▶ _Exercise_
Find how many lines below hold "Used", and give that number as the entire answer.
══ Exercise data ══
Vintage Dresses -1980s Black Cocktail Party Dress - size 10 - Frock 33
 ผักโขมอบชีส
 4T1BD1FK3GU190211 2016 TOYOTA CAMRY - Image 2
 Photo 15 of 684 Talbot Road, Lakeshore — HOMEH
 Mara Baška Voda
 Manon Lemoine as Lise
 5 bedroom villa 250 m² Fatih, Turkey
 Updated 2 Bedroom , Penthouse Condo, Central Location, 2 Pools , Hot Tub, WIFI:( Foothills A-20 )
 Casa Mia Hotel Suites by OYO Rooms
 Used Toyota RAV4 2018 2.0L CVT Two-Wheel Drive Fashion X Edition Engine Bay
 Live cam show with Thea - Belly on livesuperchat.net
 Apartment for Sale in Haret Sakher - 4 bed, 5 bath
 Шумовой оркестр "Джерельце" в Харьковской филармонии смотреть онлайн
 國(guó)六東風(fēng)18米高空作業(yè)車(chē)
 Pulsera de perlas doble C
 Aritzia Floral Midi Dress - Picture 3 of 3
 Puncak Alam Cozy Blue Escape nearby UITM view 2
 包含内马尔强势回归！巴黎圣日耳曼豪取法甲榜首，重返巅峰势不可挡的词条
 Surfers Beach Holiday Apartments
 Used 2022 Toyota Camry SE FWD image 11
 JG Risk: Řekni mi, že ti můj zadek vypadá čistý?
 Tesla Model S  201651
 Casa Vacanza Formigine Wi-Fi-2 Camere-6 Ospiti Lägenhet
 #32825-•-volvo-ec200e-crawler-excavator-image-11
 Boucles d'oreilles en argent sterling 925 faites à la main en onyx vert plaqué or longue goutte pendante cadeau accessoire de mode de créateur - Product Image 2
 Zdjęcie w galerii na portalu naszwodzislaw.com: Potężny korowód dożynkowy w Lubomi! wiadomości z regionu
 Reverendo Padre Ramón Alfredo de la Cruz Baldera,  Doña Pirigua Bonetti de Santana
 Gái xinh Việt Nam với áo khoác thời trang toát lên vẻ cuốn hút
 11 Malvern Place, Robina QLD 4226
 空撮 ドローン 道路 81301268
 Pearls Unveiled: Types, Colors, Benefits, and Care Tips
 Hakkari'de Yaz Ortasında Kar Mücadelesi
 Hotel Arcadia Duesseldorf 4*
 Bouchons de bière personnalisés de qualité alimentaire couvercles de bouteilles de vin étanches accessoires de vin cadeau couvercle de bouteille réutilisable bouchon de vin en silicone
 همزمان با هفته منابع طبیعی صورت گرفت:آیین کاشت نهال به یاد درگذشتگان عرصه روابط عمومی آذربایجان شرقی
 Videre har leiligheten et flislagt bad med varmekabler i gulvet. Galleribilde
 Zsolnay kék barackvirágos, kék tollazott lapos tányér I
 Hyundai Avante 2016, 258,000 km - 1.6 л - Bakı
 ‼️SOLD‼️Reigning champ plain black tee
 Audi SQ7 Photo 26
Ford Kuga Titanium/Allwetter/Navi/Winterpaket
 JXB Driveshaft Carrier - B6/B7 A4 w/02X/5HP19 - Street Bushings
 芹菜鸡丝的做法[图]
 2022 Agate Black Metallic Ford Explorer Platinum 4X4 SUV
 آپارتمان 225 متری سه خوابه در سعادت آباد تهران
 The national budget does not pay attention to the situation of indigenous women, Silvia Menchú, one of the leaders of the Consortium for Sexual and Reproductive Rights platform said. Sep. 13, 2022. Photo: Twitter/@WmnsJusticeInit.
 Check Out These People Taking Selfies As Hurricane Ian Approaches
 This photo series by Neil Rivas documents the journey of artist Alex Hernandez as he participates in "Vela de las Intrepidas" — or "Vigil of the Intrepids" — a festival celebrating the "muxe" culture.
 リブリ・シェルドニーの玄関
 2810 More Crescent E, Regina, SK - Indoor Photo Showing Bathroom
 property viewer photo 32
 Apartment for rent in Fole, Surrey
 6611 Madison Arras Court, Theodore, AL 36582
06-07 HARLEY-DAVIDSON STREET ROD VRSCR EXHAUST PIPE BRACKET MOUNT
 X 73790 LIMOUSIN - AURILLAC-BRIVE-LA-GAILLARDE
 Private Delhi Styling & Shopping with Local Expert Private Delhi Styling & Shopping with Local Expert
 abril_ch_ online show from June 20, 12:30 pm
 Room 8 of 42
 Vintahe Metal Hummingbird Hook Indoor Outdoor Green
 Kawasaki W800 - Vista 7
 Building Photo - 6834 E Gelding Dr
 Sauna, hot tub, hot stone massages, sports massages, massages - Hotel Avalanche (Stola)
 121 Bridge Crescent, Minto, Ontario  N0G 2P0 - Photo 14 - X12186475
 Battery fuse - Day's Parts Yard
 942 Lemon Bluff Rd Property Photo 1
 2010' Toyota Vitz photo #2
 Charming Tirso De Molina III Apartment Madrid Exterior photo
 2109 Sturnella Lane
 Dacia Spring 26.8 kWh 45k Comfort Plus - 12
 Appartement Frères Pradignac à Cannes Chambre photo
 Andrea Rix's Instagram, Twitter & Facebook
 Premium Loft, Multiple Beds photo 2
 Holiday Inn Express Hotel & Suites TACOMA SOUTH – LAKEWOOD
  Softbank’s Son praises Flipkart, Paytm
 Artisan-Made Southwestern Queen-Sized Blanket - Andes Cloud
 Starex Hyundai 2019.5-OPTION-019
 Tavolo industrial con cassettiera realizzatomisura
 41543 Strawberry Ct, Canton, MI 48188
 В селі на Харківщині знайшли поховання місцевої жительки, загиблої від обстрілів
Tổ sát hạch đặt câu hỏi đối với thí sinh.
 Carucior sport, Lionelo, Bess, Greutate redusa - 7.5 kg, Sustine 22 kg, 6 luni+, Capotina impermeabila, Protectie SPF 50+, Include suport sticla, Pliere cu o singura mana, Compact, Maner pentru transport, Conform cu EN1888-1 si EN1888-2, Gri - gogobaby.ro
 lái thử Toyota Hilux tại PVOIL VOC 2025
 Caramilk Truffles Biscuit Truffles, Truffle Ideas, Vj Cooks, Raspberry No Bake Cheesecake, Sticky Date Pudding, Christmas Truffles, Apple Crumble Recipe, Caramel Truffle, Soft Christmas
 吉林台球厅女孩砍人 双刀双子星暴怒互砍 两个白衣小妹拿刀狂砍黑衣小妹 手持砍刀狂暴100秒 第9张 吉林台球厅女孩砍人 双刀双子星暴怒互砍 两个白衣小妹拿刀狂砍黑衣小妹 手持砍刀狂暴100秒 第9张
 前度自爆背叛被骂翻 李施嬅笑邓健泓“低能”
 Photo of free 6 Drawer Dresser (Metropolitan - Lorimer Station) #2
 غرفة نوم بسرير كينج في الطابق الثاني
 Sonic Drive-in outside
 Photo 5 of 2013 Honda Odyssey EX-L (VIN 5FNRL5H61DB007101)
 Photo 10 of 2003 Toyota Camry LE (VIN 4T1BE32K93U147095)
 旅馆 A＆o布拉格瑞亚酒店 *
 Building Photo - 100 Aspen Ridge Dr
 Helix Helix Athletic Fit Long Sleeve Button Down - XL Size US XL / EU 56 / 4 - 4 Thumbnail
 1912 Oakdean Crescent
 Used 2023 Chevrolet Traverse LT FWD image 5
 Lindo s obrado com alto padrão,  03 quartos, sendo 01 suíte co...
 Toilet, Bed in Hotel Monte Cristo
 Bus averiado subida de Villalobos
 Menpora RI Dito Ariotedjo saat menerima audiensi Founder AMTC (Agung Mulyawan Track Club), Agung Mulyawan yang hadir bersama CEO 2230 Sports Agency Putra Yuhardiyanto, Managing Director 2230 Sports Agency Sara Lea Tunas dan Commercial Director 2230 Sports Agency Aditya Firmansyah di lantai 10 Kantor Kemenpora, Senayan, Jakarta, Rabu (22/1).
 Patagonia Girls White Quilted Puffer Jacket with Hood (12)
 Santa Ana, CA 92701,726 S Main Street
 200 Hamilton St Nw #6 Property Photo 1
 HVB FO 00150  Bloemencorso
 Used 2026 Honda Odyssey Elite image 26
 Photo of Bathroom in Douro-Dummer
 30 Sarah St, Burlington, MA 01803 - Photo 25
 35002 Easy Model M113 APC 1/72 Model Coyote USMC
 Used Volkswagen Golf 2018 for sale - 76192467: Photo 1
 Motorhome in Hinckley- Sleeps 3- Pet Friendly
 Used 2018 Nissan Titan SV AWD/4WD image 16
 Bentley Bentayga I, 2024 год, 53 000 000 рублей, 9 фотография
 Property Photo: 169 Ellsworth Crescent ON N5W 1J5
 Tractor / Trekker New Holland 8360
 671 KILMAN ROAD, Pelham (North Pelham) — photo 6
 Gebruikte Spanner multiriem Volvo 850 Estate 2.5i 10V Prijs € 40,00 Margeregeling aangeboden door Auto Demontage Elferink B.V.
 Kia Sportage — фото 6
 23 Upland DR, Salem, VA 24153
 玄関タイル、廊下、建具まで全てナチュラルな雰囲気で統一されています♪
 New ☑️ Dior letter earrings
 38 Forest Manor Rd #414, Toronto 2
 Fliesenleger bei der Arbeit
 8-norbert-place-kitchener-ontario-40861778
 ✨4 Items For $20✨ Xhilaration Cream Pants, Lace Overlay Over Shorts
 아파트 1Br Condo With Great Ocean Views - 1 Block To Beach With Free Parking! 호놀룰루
═══
▶ _Exercise solution_
6